We walked in and sat down with a dozen people who were drinking rum.
"Why does your friend loll out his tongue?"
"He's sick."
"Can we do anything for him?"
"No, nothing: he's paralyzed. He's got to go to the hospital."
"Who's going to feed him?"
''Me.''
"Is he your brother?"
"No, my friend."
"You got money, Frenchman?"
"Very little. How did you know I was French?"
"Everything gets known here in no time. We knew you were going to be let out yesterday, and that you escaped from Devil's Island, and that the French police are trying to catch you to put you back there again. But they won't look for you here; they don't give orders in this country. We are the ones who are going to look after you."
"Why?"
"Because…"
"What do you mean?"
"Here, drink a shot of rum and give one to your friend."
Now a woman of about thirty was taking over. She was almost black. She asked me whether I was married. No. If my parents were still alive.
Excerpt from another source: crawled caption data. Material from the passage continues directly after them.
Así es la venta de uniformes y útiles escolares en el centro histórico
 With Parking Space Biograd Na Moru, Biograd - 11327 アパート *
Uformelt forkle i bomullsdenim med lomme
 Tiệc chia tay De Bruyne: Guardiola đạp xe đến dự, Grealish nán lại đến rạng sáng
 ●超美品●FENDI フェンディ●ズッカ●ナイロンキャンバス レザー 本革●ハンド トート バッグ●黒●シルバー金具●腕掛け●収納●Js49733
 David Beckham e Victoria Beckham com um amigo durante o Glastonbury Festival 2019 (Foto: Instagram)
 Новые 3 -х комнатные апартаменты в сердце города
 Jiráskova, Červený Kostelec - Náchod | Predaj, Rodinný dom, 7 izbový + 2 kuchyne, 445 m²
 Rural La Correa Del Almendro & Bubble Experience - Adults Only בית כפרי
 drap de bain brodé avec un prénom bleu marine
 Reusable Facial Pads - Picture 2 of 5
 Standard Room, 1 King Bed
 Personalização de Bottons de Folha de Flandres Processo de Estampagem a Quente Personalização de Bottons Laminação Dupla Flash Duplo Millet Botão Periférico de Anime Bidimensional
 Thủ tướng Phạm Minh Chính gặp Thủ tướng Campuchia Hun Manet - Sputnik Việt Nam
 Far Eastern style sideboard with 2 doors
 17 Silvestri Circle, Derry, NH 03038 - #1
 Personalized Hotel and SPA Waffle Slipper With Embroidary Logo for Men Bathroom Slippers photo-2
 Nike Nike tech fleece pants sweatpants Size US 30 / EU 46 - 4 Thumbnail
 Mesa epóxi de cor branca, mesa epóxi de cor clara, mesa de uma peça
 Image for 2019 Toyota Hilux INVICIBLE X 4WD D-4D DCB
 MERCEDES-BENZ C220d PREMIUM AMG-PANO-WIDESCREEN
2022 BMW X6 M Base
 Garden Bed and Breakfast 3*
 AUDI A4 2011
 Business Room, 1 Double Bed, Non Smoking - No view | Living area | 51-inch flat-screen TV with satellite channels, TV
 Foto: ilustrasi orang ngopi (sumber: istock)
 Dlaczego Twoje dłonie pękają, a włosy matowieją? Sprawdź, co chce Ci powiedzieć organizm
Only my father.
"He'll be glad to hear you are in Venezuela."
"That's right."
A tall dried-up white man spoke up-he had big, staring eyes, but they were kind-"My relative didn't know how to tell you why we are going to look after you. Well, I'll tell you. Because unless he's mad-and in that case there's nothing to be done about it-a man can be sorry for what he's done, and he can turn into a good man if he's helped. That's why you'll be looked after in Venezuela. Because we love other men, and, with God's help, we believe in them."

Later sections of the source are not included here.